Le agevolazioni previste:
- l’incentivo consiste nell’erogazione di un mutuo agevolato, a tasso zero, per un importo non superiore al 95% delle spese ammissibili, entro un limite massimo di 300.000 euro
- il finanziamento avrà una durata tra i 5 ed i 15 anni, incluso un periodo di preammortamento
- al fine di garantire la realizzazione degli investimenti previsti, la beneficiaria deve apportare un contributo finanziario, attraverso risorse proprie ovvero mediante finanziamento esterno, pari almeno al 20% delle spese di investimento ammissibili, e comunque fino a concorrenza degli importi necessari alla copertura del fabbisogno finanziario generato dal piano degli investimenti, aumentato dell’IVA connessa agli acquisti oggetto dell’investimento
- l’impresa beneficiaria deve fornire garanzie sui beni immobili il cui valore di mercato sia pari al 120% del mutuo agevolato concesso, acquisibili nell’ambito degli investimenti da realizzare, per una durata almeno pari a quella del mutuo agevolato concesso dall’ISMEA. Sono in particolare ammissibili:
- garanzie ipotecarie di primo grado su beni oggetto di agevolazioni oppure su altri beni
- della beneficiaria o di terzi
- in alternativa o in aggiunta all’ipoteca, fideiussione bancaria o assicurativa a prima richiesta
I progetti ammissibili inoltre devono:
- essere realizzati nell’ambito di una o più unità locali sul territorio nazionale
- prevedere spese e costi ammissibili non inferiori a 500 mila euro e non superiori a 2 milioni di euro
- avere una durata non inferiore a 12 mesi e non superiore a 36 mesi.

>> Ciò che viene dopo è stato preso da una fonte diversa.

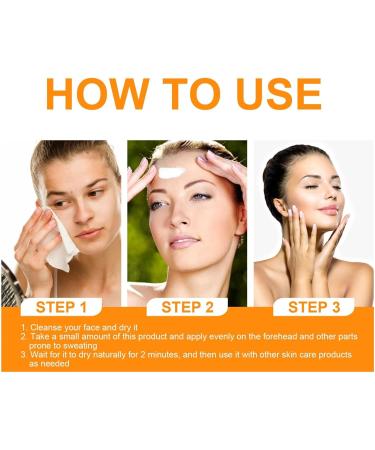 Face Sweat Blocker Anti Sweat for Face Forehead and Scalp and Oily Face Control Sweat Absorbing Face Lotion with Aloe Barbadensis and Jojoba Esters 2.37 Fl OZ - Buy Online on GoSupps.com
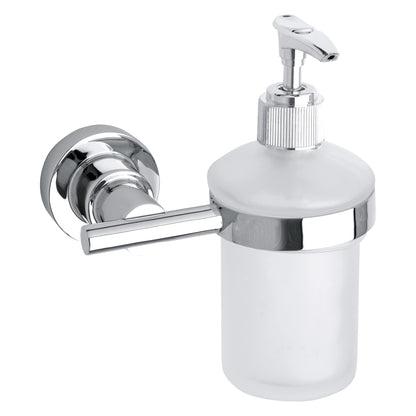 tesa Luup sæbedispenser (175 ml), forkromet, inkl. klæbeløsning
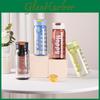 Moderne minimalistische Wasserflasche mit Buchstaben und Silikongriff für Büro und Außenbereich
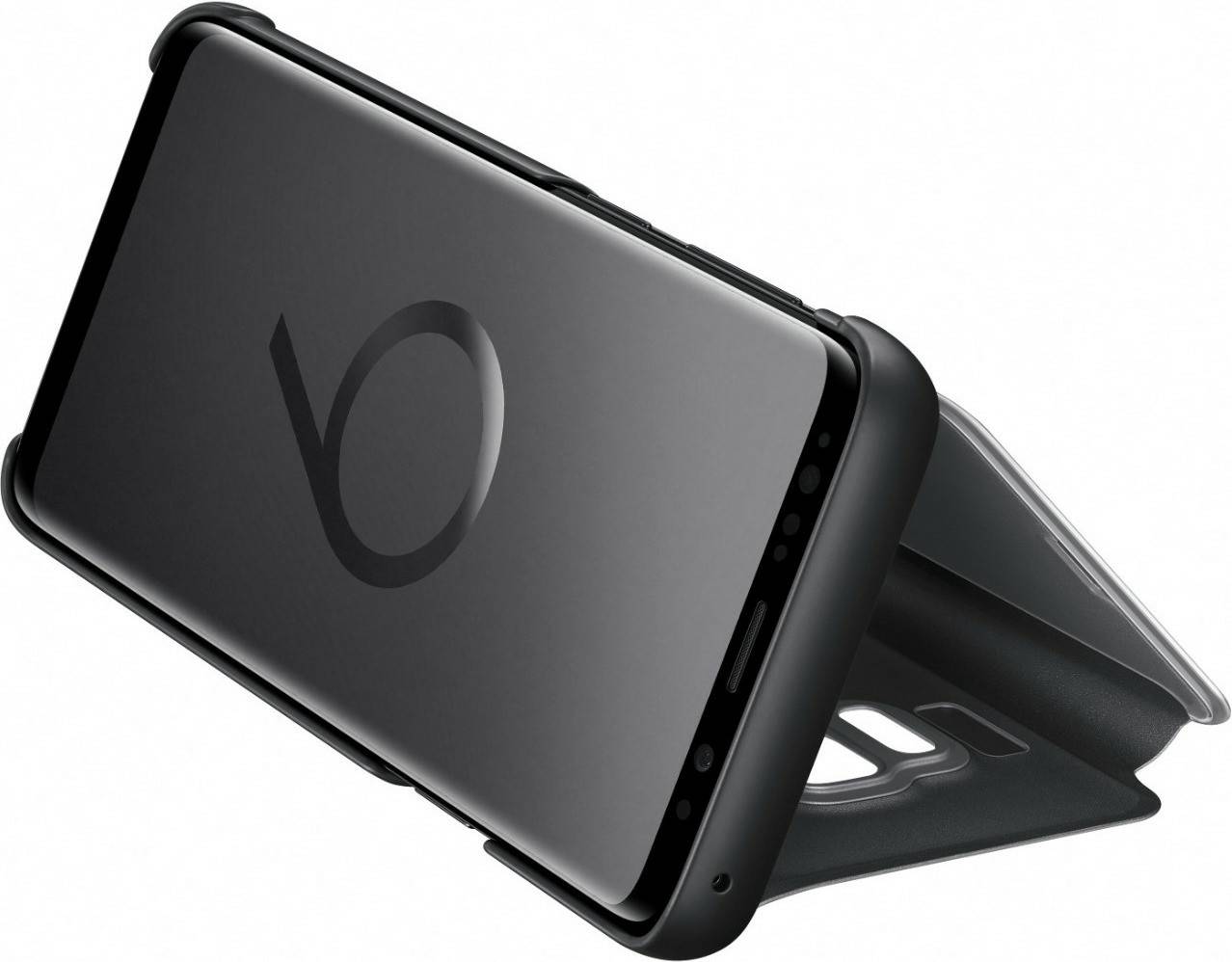 Handy-Zubehör Samsung Clear View Standing Cover (Galaxy S9)schwarz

Modalità di presentazione di domande per l’accesso agli incentivi
- le imprese che intendono accedere alle agevolazioni devono trasmettere ad ISMEA, attraverso il portale dedicato, apposita domanda, previo accreditamento
- per ottenere l’accreditamento, è necessario attivare la procedura di registrazione
- l’accreditamento ha luogo esclusivamente tramite PEC (posta elettronica certificata)
- una volta effettuata, la registrazione consente all’utente di accedere all’area del portale dedicata alla compilazione ed alla gestione delle domande on-line
- possono registrarsi le imprese richiedenti le agevolazioni ovvero loro delegati.